[Footnote 19: Many of whom were in fact wilfully blind. Hardenberg, by whom the noble-spirited Stein was so ill replaced, and who, with all possible decency, ever succeeded in losing in the cabinet the advantages gained by Blücher in the field, the diplomatic bird of ill omen by whom the peace of Basel had formerly been concluded, was thus addressed by Blücher: "I should like you gentlemen of the quill to be for once in a way exposed to a smart platoon fire, just to teach you what perils we soldiers have to run in order to repair the blunders you so thoughtlessly commit." An instructive commentary upon these events is to be met with in Stein's letters to Gagern. The light in which Stein viewed the Saxons may be gathered from the following passages in his letters: "My desire for the aggrandizement of Prussia proceeded not from a blind partiality to that state, but from the conviction that Germany is weakened by a system of partition ruinous alike to her national learning and national feelings."—"It is not for Prussia but for Germany that I desire a closer, a firmer internal combination, a wish that will accompany me to the grave: the division of our national strength may be gratifying to others, it never can be so to me." This truly German policy mainly distinguished Stein from Hardenberg, who, thoroughly Prussian in his ideas, was incapable of perceiving that Prussia's best-understood policy ever will be to identify herself with Germany.]

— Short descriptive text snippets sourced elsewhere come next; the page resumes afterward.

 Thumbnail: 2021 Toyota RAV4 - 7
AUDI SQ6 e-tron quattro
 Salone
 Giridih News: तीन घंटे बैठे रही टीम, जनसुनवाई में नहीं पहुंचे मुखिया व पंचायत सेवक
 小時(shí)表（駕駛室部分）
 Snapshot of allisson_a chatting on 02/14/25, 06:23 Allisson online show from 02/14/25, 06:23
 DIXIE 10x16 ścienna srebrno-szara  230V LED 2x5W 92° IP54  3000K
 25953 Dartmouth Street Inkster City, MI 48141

[Footnote 20: Allgemeine Zeitung, No. 285.]

[Footnote 21: It was proposed that Lorraine and Alsace should be bestowed upon the Archduke Charles, who at that period wedded the Princess Henrietta of Nassau. The proposition, however, quickly fell to the ground.]

[Footnote 22: Even in July, their organ, Görres's Rhenish Mercury, was placed beneath the censor. In August, it was said that the men, desirous of giving a constitution to Prussia, had fallen into disgrace.—Allgemeine Zeitung, No. 249. In September, Schmalz, in Berlin, unveiled the presumed revolutionary intrigues of the Tugendbund and declared "the unity of Germany is something to which the spirit of every nation in Germany has ever been antipathetic." He received a Prussian and a Wurtemberg order, besides an extremely gracious autograph letter from the king of Prussia, although his base calumnies against the friends of his country were thrown back upon him by the historians Niebuhr and Runs, who were then in a high position, by Schleiermacher, the theologian, and by others. The nobility also began to stir, attempted to regain their ancient privileges in Prussia, and intrigued against the men who, during the time of need, had made concessions to the citizens.—Allgemeine Zeitung, No. 276.]

[Footnote 23: The Allgemeine Zeitung, No. 349, laughs at the report of their having withdrawn from the discussion, and says that they were no longer invited to take part in it.]

[Footnote 24: On the loud complaints of the Rhenish Mercury, of the gazettes of Bremen and Hanau, and even of the Allgemeine Zeitung, the Austrian Observer, edited by Gentz, declared that "to demand a better peace would be to demand the ruin of France."—Allgemeine Zeitung, Nos. 345, 365. On Görres's repeated demand for the reannexation of Alsace and Lorraine, of which Germany had been so unwarrantably deprived, the Austrian Observer declared in the beginning of 1816, "who would believe that Görres would lend his pen to such miserable arguments. Alsace and Lorraine are guaranteed to France. To demand their restoration would be contrary to every notion of honor and justice." In this manner was Germany a second time robbed of these provinces. Washington Paine denominated Strasburg, "a melancholy sentry, of which unwary Germany has allowed herself to be deprived, and which now, accoutred in an incongruous uniform, does duty against his own country.">[

[Footnote 25: The Invalids had in the same spirit cast the triumphal monument of the field of Rossbach into the Seine, in order to prevent its restoration. The alarum formerly belonging to Frederick the Great was also missing. Napoleon had it on his person during his flight and made use of it at St. Helena, where it struck his death-hour.]

[Footnote 26: He was descended from a noble race, which at a very early period enjoyed high repute in Mecklenburg and Pomerania. In 1271, an Ulric von Blücher was bishop of Batzeburg. A legend relates that, during a time of dearth, an empty barn was, on his petitioning Heaven, instantly filled with corn. In 1356, Wipertus von Blücher also became bishop of Ratzeburg, and, on the pope's refusal to confirm him in his diocese on account of his youth, his hair turned gray in one night. Vide Klüwer's Description of Mecklenburg, 1728.]

[Footnote 27: His wife, Catherine of Würtemberg, was in 1814, attacked during her flight, on her way through France and robbed of her jewels.—Allgemeine Zettung, No. 130.]